Modular implementation and framework for running weighted ensemble simulations in pure python, where the aim is to have simple things simple and complicated things possible. The latter being the priority.
The goal of the architecture is that it should be highly modular to allow extension, but provide a “killer app” for most uses that just works, no questions asked.
Comes equipped with support for OpenMM molecular dynamics, parallelization using multiprocessing, the WExplore and REVO (Resampling Ensembles by Variance Optimization) resampling algorithms, and an HDF5 file format and library for storing and querying your WE datasets that can be used from the command line.
The deeper architecture of wepy
is intended to be loosely coupled,
so that unforeseen use cases can be accomodated, but tightly
integrated for the most common of use cases, i.e. molecular dynamics.
This allows freedom for fast development of new methods.
Also see the full introduction.
Discussion takes place on riot.im (#wepy:matrix.org) which is a slack-like app that works on the Matrix protocol: https://riot.im/app/#/room/#wepy:matrix.org
You can also contact me directly:
samuel.lotz@salotz.info
Also see: Installation Instructions
To install from pip (which may be out of date):
pip install wepy[all]
Which will install most dependencies.
To install the optional, but likely desired feature, OpenMM you should probably just use the omnia channel on conda, otherwise you will need to compile it yourself.

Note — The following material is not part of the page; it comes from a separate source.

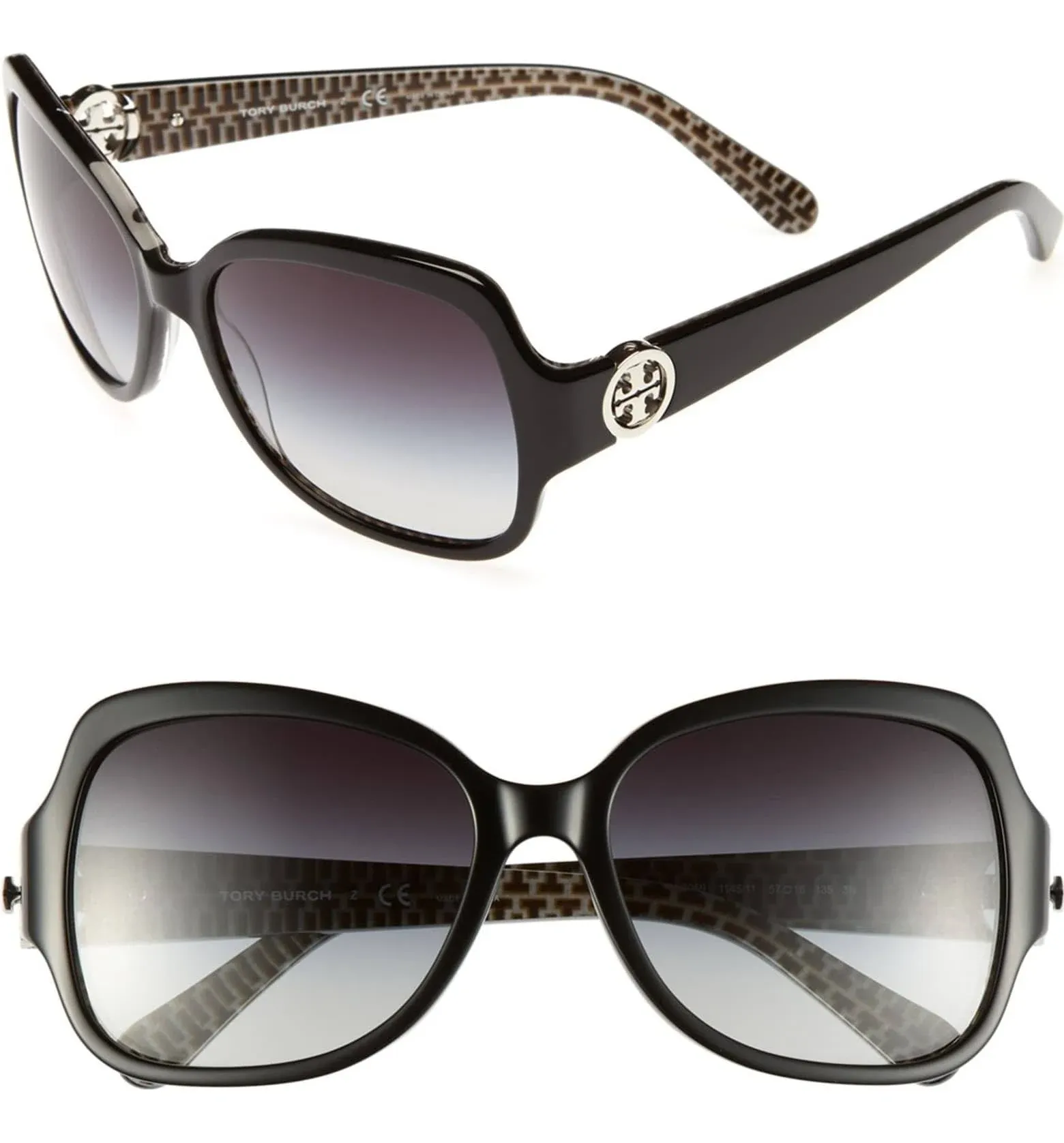 Tory Burch Women's 0TY7059 Sunglasses, Black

conda install -c omnia openmm
There are some optional features you can install as well using the “extras” spec in pip. The base package aims to be very easy to install but lacks a lot of functionality that makes wepy truly useful. Currently, these are:
- mdtraj
- allows export of structures to the mdtraj format which has many writers for serialization, e.g. pdb, dcd, etc.
- all
- installs all extras
Check the setup.py file under ‘extras_requirements’ for the full listing.
pip install wepy[mdtraj]
You can always install from git as well for the latest:
pip install git+https://github.com/ADicksonLab/wepy.git
If installation went alright you should have this command line interface for working with orchestration available:
wepy --help
You can also try some of the scripting and automation tools the wepy repo uses.
For this you will need the invoke package (which we use kind of like the make tool).
So either install invoke via pip how you normally would on your system:
pip3 install invoke
Or source the bootstraph.sh file which will infer the directory you have installed anaconda in and install invoke to the base environment there:
. tooling.sh
Note if you don’t use the bootstrap config here you will have to set the ‘ANACONDA_DIR’ environmental variable in your shell for the automation to work properly. This can be done temporarily like in the bootstrap.sh configuration file, but probably you should be doing this in your shell configs.
Then you can run tasks via the invoke command line ‘inv’. To list the available tasks and their descriptions run:
inv -l
ATTENTION: these parts of the documentation are under construction now. Please check back for updates.
For a very quick sketch of how to use wepy see the quickstart.
It is recommended to read the User’s Guide before starting to use wepy, especially if you are new to programming or only have experience with older simulation engines and packages, as it will focus your attention on the relevant aspects.
If you are competent in object-oriented programming and python you can probably skip the first sections and head straight to the outline of simulation manager and its components in the user’s guide.
Otherwise you can head straight to the tutorials and examples.
The tutorials are ipython notebooks while the examples are collections of scripts showing you how you might actually run wepy in production.
There is an example with a pair of Lennard-Jones particles that runs on the reference implementation. This is the “Hello World” example and should be your starting point.
A more advanced (and interesting) example is a non-equilibrium unbinding WExplore simulation of the soluble epoxide hydrolase (sEH) protein with the inhibitor TPPU, which was the subject of this paper:
Lotz and Dickson. 2018. JACS 140 (2) pp. 618-628 (DOI: 10.1021/jacs.7b08572)
If you plan developing wepy read the Dev Guide.